The questions in the survey were based on real life examples, including:

  • The regular appointment of ex-ministers to the boards of private companies.
  • The relationship between senior civil servants at HM Revenue and Customs and private companies involved in tax negotiations. This was recently described as ‘unduly cosy’ by the House of Commons Public Accounts Committee.
  • The appointment of the ‘big four’ accountancy firms to advise on tax policy. The Public Accounts Committee expressed serious concern at ‘the way that the four firms appear to use their insider knowledge… to sell clients advice on who to use those rules to pay less tax’.
  • Private sector companies making windfall gains on PFI projects through refinancing and sale of equity.

The Prime Minister is hosting an ‘anti-corruption summit’ on Thursday, 12 May, focusing on issues such as tax avoidance and bribery. The collusive, and currently legal, relationships between government and private interests is not expected to feature in the discussions.

Professor David Whyte, one of the report authors, said:

‘The government's idea of the public interest is clearly out of tune with the public's. The revolving door and the ever closer relationship between the private sector and government is leading to growing public concern about collusion at the expense of the public purse.

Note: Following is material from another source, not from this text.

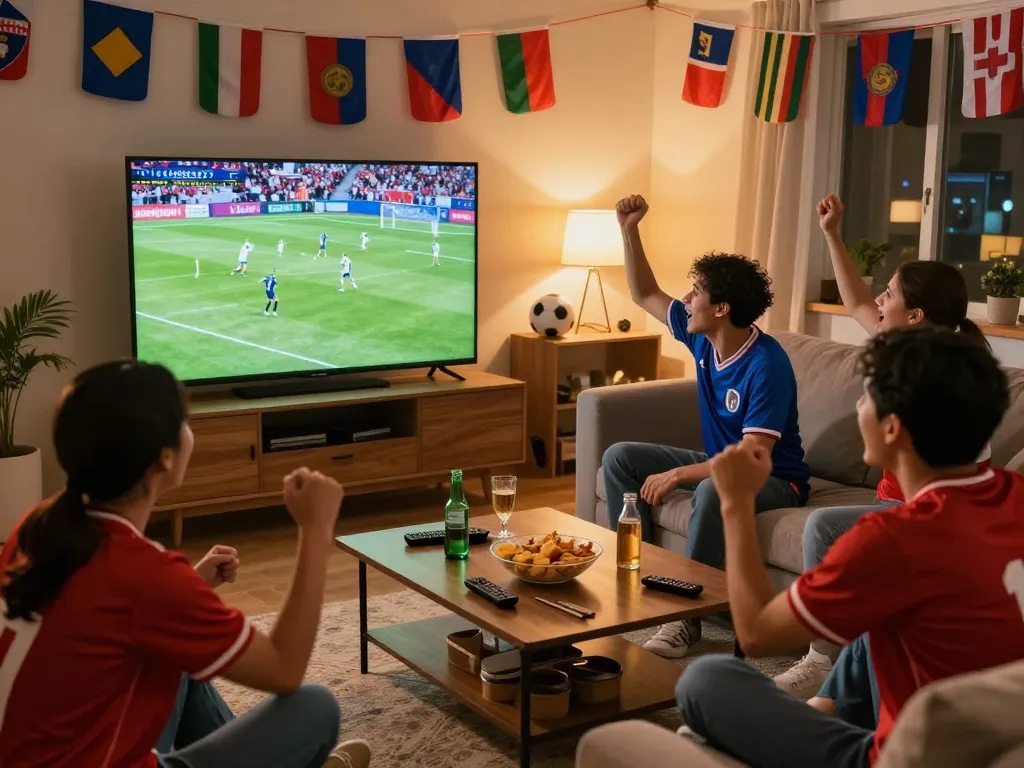 Fans enjoying a thrilling match on LuongSon TV, surrounded by snacks and team spirit.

‘Many now question in whose interest government ministers and civil servants are working: public service or private benefit?’

Will McMahon from the Centre for Crime and Justice Studies said:

‘The boundary between illegal corruption and legal collusion is an ever shifting one. Some legal activities can be as damaging as illegal and corrupt practices.

‘This briefing suggests that the UK public feel there are problems of collusion between the government and private interests. The favours granted and profits made, all under the guise of legality and accepted practice, is corrosive of the public good.

‘There is a clear need for transparency across the piece. Regular concerns raised by parliamentary committees also need to be taken far more seriously.’